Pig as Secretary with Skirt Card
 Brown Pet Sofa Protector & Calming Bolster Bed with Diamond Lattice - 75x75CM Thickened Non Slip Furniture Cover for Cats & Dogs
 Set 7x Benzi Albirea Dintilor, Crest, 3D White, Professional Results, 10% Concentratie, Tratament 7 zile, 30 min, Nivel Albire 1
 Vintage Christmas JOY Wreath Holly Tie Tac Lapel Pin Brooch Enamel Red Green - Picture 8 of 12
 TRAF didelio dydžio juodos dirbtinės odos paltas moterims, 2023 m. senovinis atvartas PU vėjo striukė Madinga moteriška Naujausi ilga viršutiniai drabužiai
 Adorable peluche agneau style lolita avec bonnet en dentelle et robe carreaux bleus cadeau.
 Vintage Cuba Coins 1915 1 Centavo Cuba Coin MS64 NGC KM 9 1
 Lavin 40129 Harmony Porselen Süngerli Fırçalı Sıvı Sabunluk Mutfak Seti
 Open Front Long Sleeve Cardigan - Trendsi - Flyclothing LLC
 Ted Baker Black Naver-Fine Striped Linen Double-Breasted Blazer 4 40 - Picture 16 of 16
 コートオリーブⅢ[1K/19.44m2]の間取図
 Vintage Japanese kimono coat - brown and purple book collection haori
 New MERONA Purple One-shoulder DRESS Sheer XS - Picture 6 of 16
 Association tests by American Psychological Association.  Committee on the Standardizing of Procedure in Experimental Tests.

•••••

▶ What the task asks: The line containing "Vintage Cuba Coins" marks the start. Reproduce it and all lines after it through the end of the listing, exactly and alone.

▶ Reply:
 Vintage Cuba Coins 1915 1 Centavo Cuba Coin MS64 NGC KM 9 1
 Lavin 40129 Harmony Porselen Süngerli Fırçalı Sıvı Sabunluk Mutfak Seti
 Open Front Long Sleeve Cardigan - Trendsi - Flyclothing LLC
 Ted Baker Black Naver-Fine Striped Linen Double-Breasted Blazer 4 40 - Picture 16 of 16
 コートオリーブⅢ[1K/19.44m2]の間取図
 Vintage Japanese kimono coat - brown and purple book collection haori
 New MERONA Purple One-shoulder DRESS Sheer XS - Picture 6 of 16
 Association tests by American Psychological Association.  Committee on the Standardizing of Procedure in Experimental Tests.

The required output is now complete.